何事かと部屋をのぞくと,取りこんだ洗濯物の中から,ガのようなものが飛び出してきたそうです。
窓を見ると,羽をばたつかせていたのは,ルリタテハでした。

今の時分に飛んでいるということは,成虫で越冬したということですね。
保育社『原色日本蝶類生態図鑑(Ⅱ)』(1983年)によると,ルリタテハは「九州本島以北では成虫で越冬する」とあります。

翅の表面には,ルリタテハの名の由来となった,ルリ色の帯。[写真2]
翅の裏面は灰褐色で,樹皮に擬態しています。[写真3]

学習研究社『日本産蝶類標準図鑑』(2006年)には,ルリタテハの翅の斑紋について次のように書いてありました。

色彩斑紋は♂♀ほとんど同じで, ♀は翅形が幅広く青色帯もやや広い。季節的変異は裏面において明瞭で,夏型は裏面の地色が黄褐色をおびて明るく,秋型では黒味が強い。和名ルリタテハは”ルリ色のタテハチョウ”の意である。
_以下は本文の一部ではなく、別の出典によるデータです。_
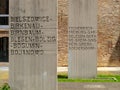 The Holocaust memorial with written stele and green grass and roses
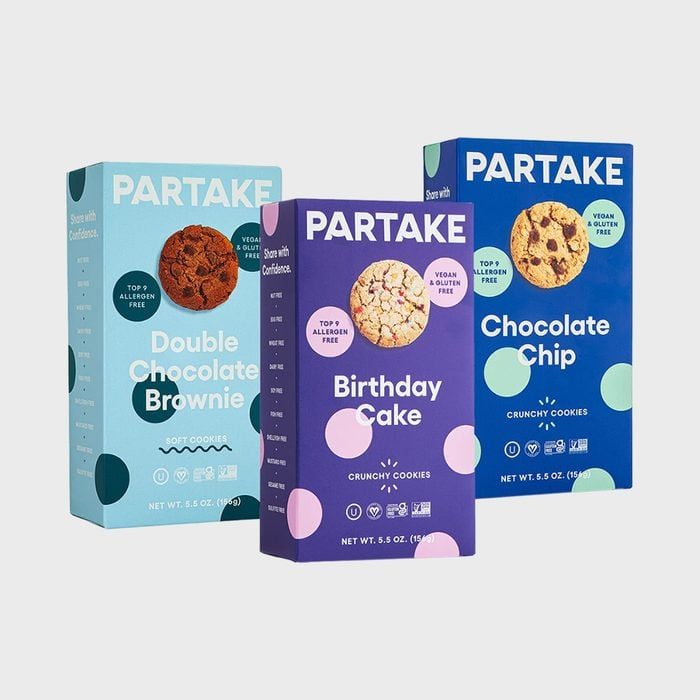 Three colorful cookie boxes stand upright, labeled 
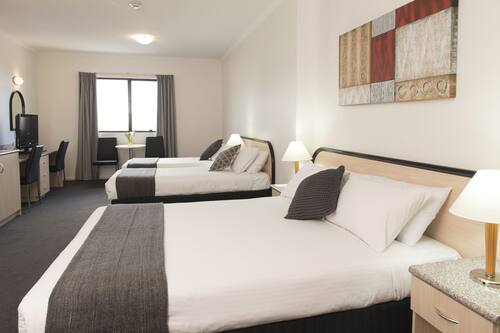 Family Room (2 Adults + 2 Children) | Minibar, desk, iron/ironing board, bed sheets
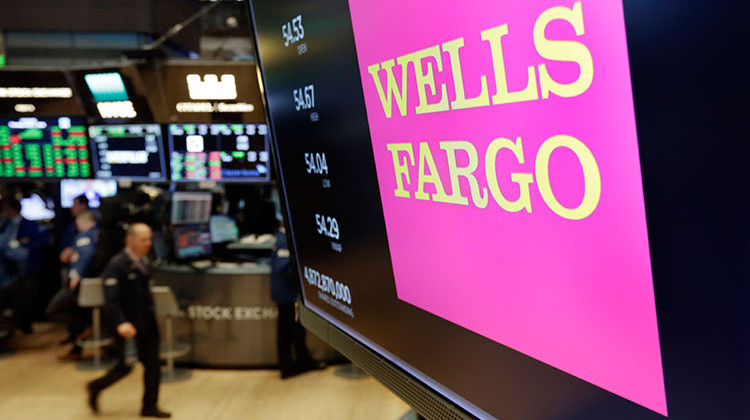 FILE - This May 17, 2018 file photo shows the Wells Fargo logo above a trading post on the floor of the New York Stock Exchange. Wells Fargo is selling more than 50 retail bank branches in Indiana, Michigan, Wisconsin and Ohio to a Flagstar Bancorp subsidiary. - AP Photo/Richard Drew, File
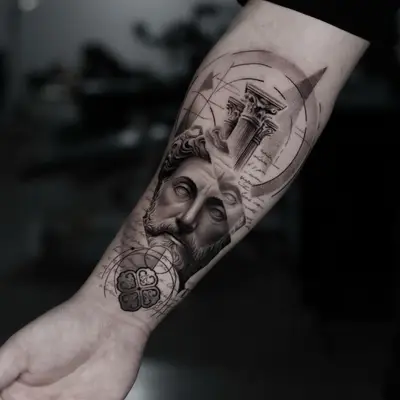 Black and grey forearm tattoo of a bearded marble bust below a Corinthian column capital, with geometric arcs and handwritten script.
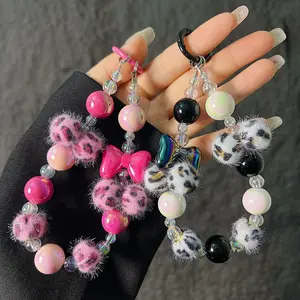 Leopard print hairball bow beaded mobile phone chain short mobile phone case bracelet lanyard wrist keychain bag chain cute charm anti-lost phone lanyard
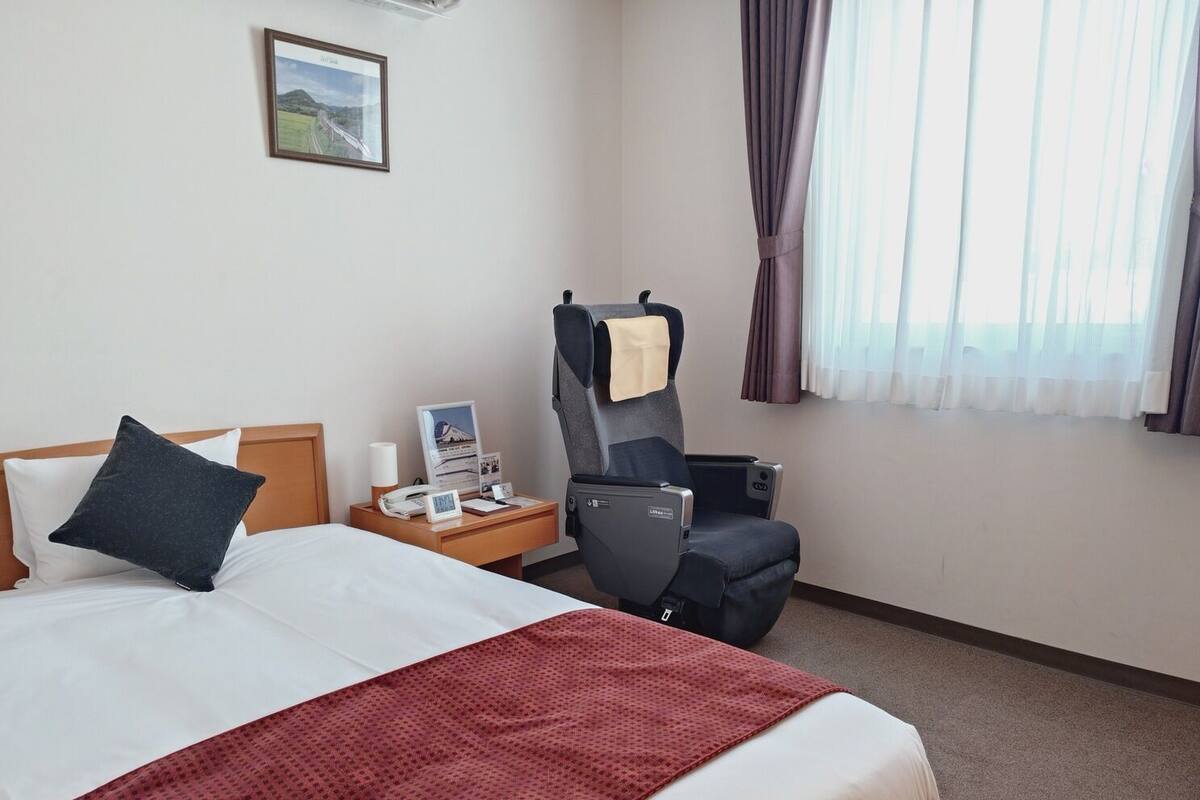 Ein Hotelzimmer mit Bett, Schreibtisch mit Telefon und Lampe, Stuhl, Fenster mit Vorhängen und einem gerahmten Bild an der Wand.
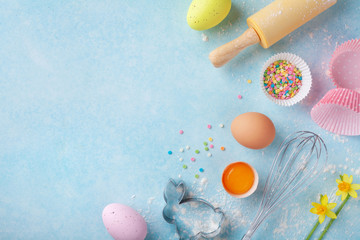 Easter baking background with rolling pin, whisk, eggs, flour and colorful confetti on blue table...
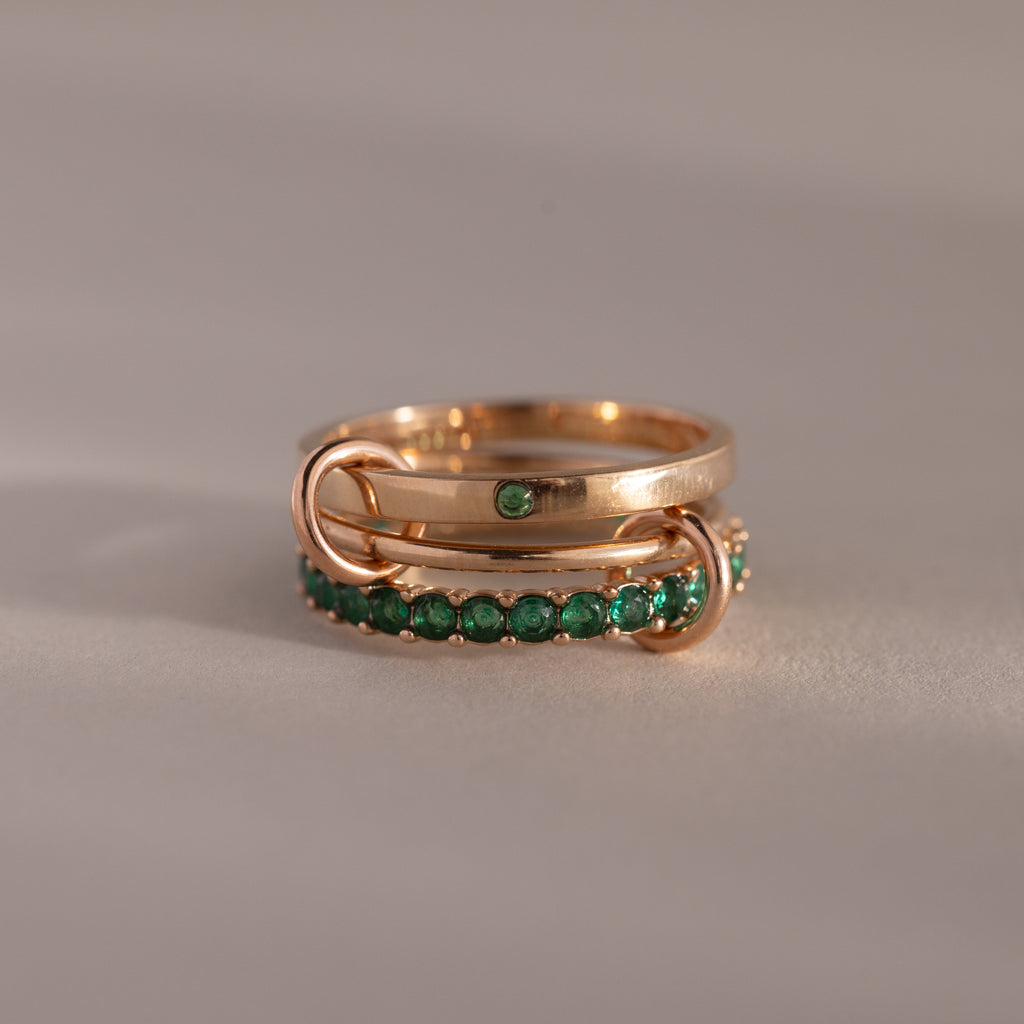 The Triple Linked Emerald Ring Set features three gold rings linked together—one plain with a green gem and two adorned with small green stones—creating a bold statement piece.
[写真3]を見ても,翅裏面はかなり黒味が強く,秋型であることがわかります。

ルリタテハの幼虫は,自宅の庭や近所に植えられているホトトギスでもしばしば見かけます。[写真4](→2010年9月20日
この個体も,昨秋にこの近所で羽化したものでしょうか。

冬を越したにしては,翅は羽化したばかりのようにきれいです。
(翅の縁が破れたように凸凹しているのは,元々の形です)
前書には,次のように書いてありました。

日本西南部の暖地ではふつう年3回(6~7月, 8月, 10月)の発生であるが,北海道あたりの寒冷地では年1回(8~9月)の発生,南西諸島などでは第1化は3月より出現し,年5~6回の発生と考えられる。早春に見られるものは越冬した秋型であるが,ヒオドシチョウのようにひどい翅の損傷はない。